TO DO:
The line with "2008 Maruti Swift" marks the first line to copy, and the line with "Terra Cotta Papa Hat" marks the last. Transcribe that stretch of the data below exactly, without pictures.

EXTRACTED INFORMATION:
————

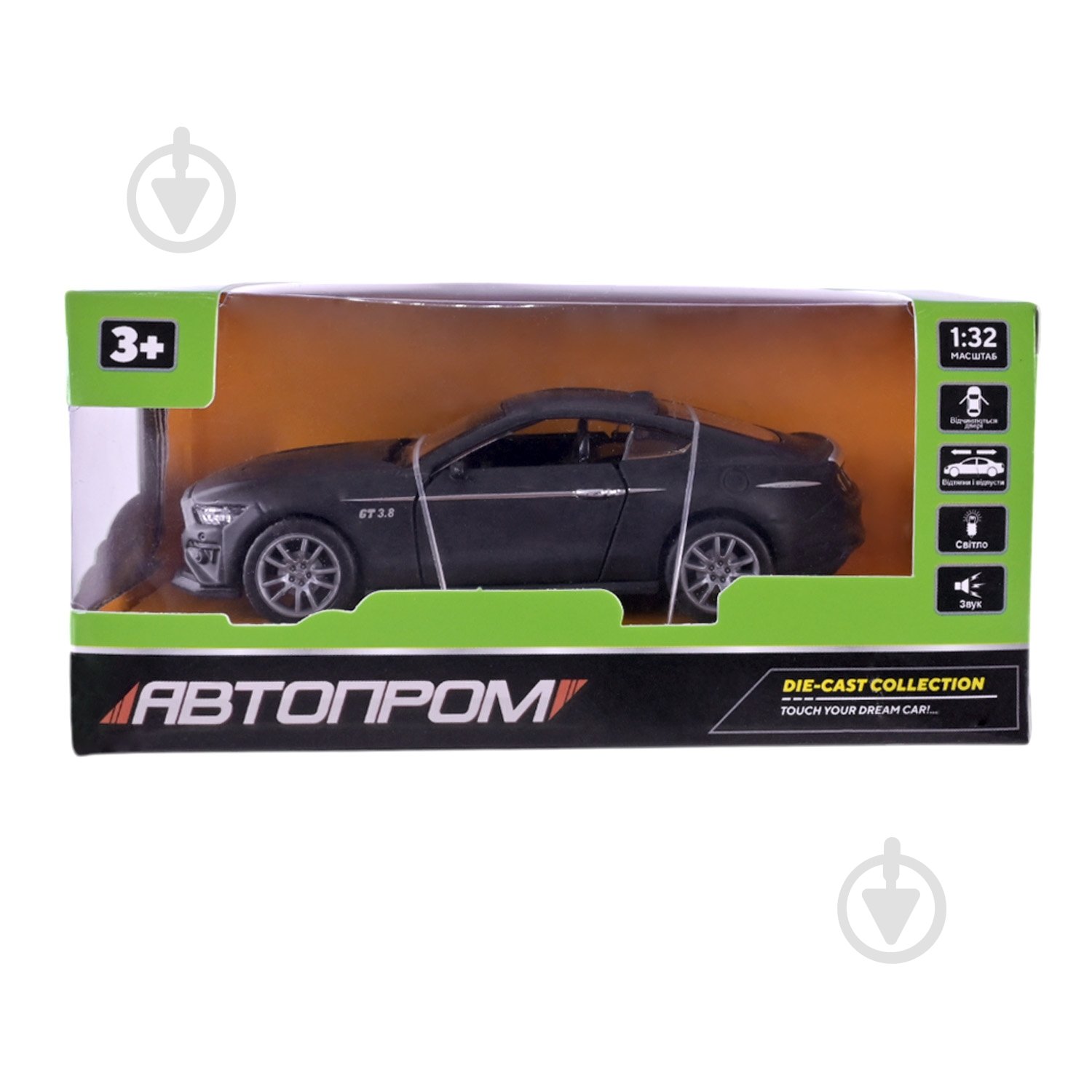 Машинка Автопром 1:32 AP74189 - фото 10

————

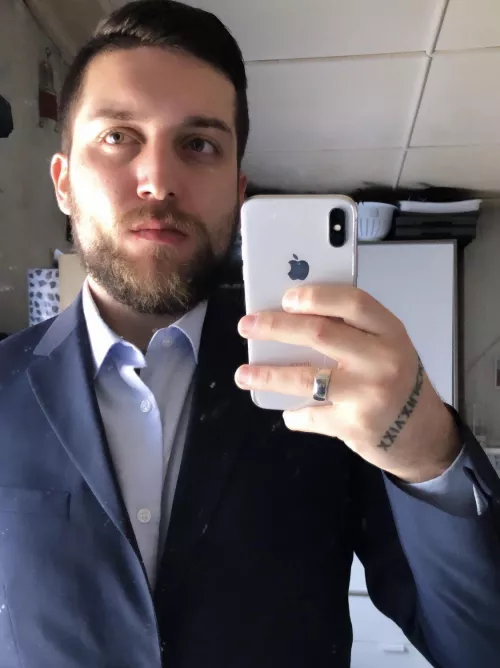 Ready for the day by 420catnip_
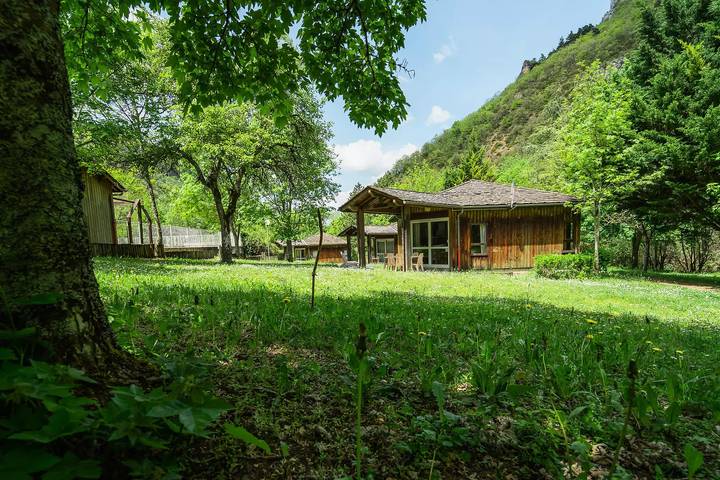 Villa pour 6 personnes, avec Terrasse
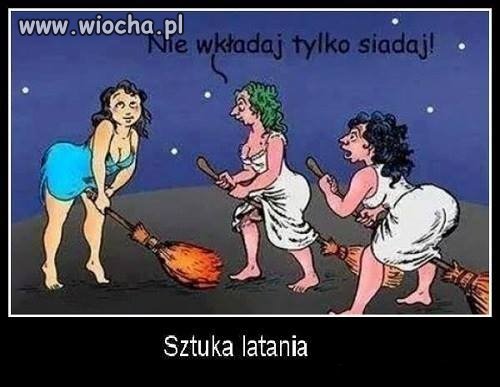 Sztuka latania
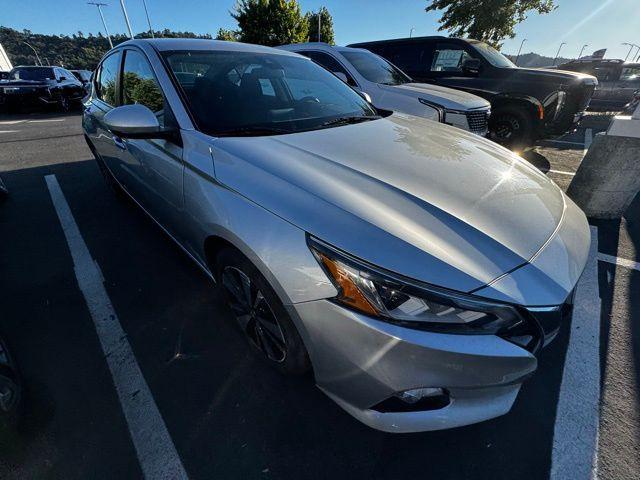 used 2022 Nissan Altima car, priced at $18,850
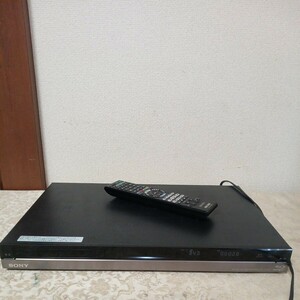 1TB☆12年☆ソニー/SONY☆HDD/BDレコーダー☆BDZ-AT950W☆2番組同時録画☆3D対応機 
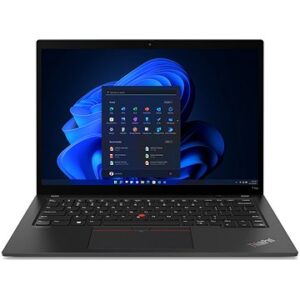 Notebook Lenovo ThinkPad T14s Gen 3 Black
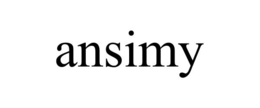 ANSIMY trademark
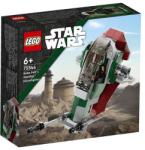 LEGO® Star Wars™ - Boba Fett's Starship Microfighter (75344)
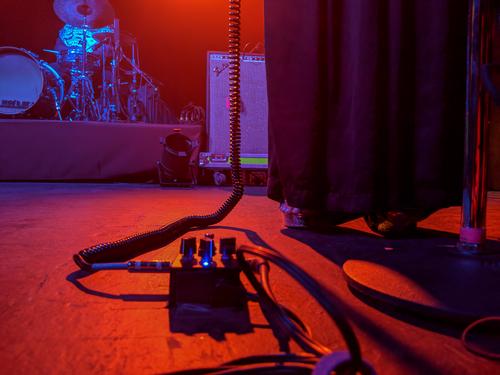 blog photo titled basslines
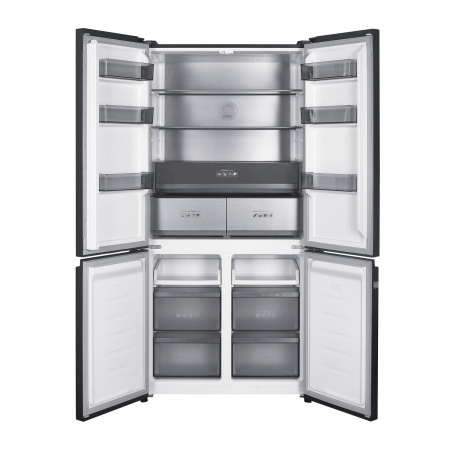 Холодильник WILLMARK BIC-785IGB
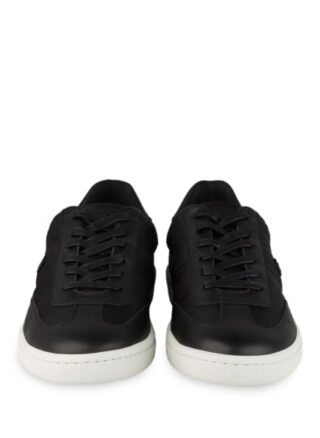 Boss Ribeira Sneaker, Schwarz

————

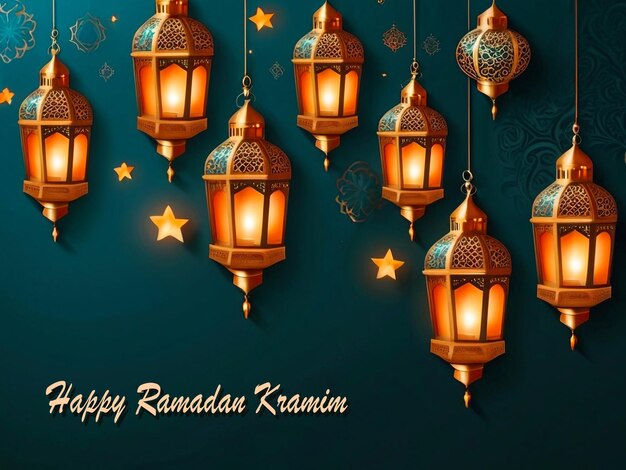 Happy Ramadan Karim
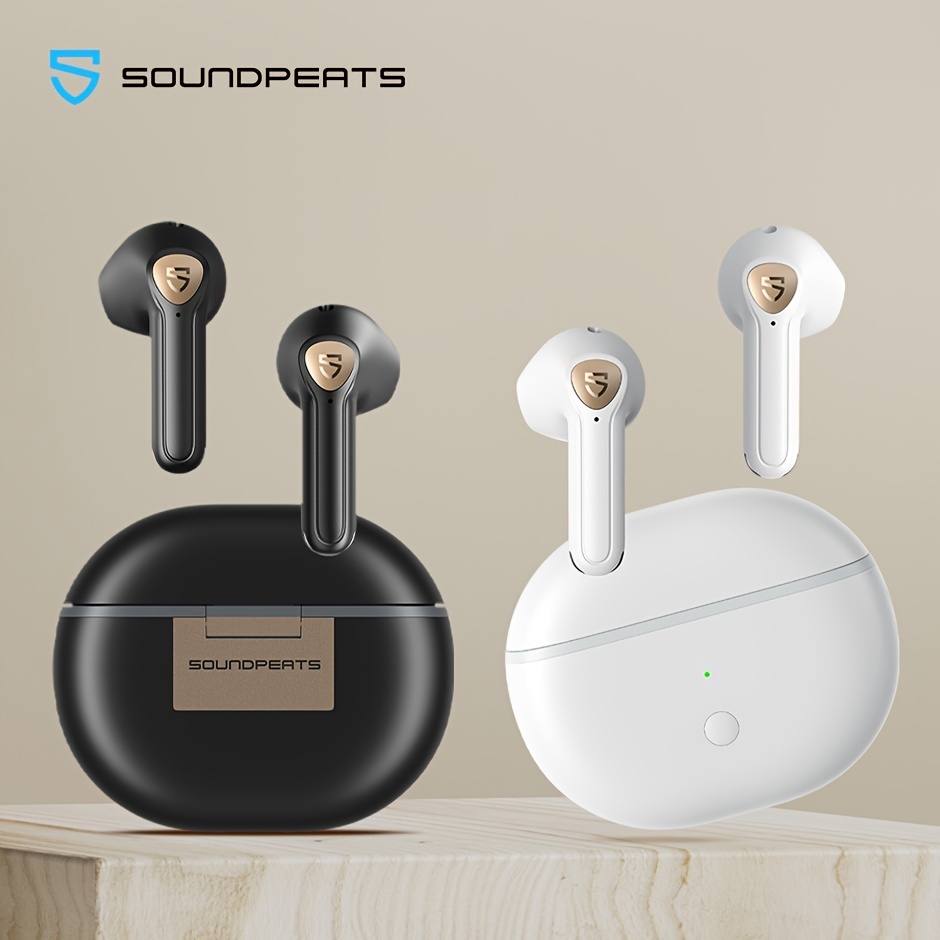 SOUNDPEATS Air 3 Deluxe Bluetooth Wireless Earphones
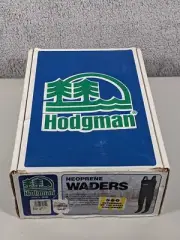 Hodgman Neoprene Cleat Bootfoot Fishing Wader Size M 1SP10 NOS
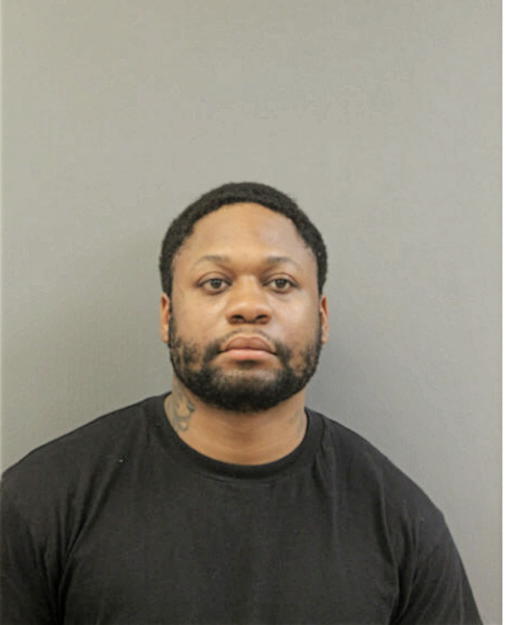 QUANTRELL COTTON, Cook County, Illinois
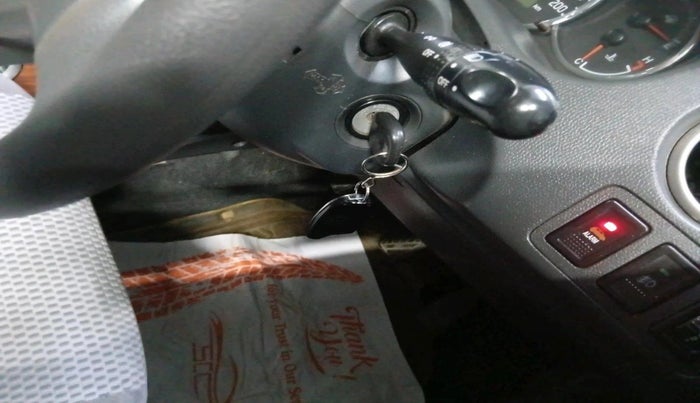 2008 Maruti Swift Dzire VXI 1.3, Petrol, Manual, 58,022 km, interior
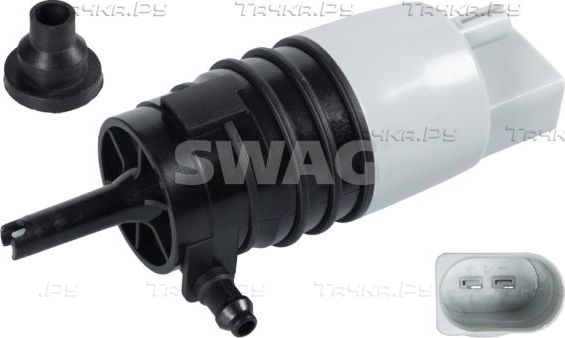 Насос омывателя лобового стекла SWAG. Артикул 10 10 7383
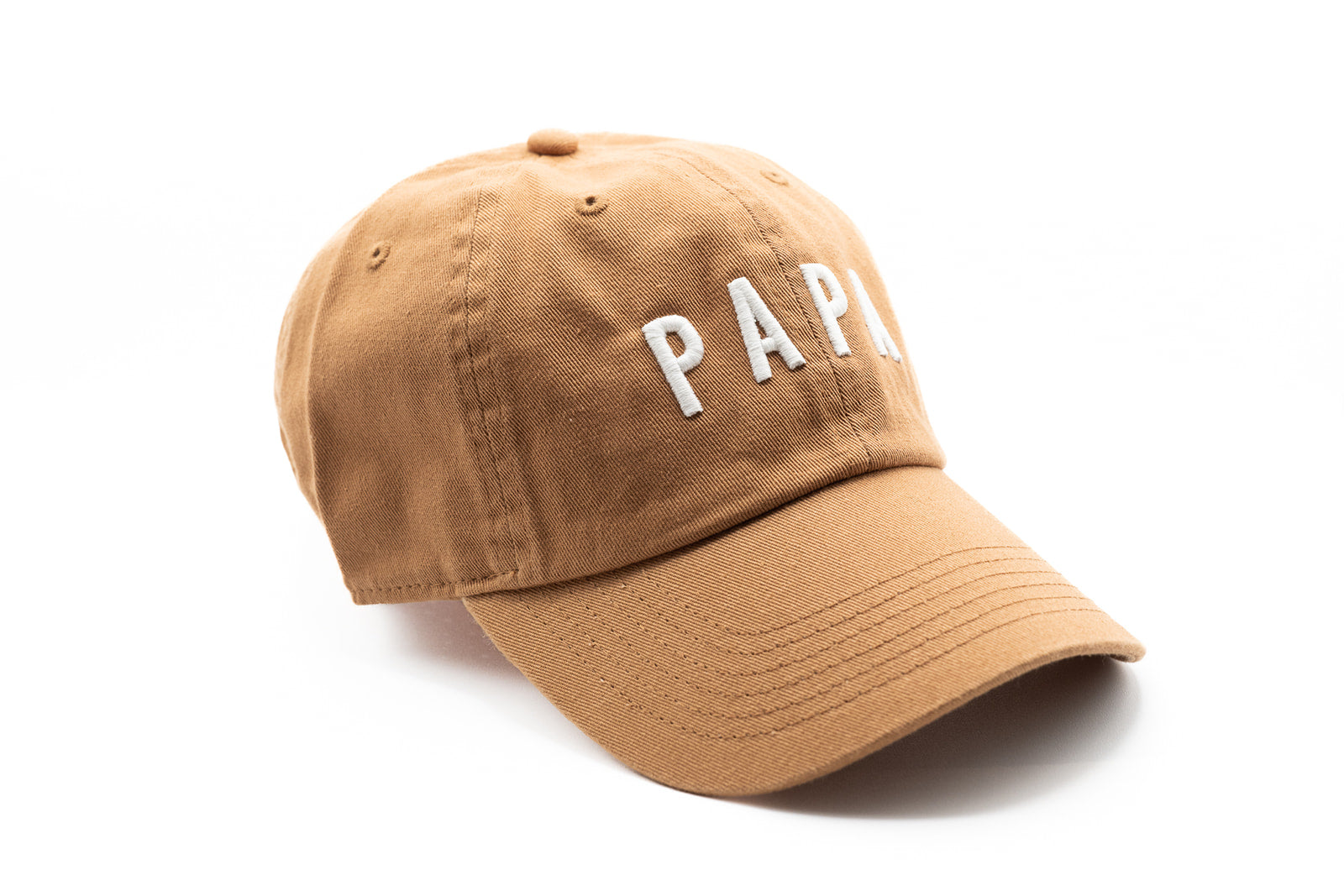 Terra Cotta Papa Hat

————

WRITTEN ANSWER:
 2008 Maruti Swift Dzire VXI 1.3, Petrol, Manual, 58,022 km, interior
 Насос омывателя лобового стекла SWAG. Артикул 10 10 7383
 Terra Cotta Papa Hat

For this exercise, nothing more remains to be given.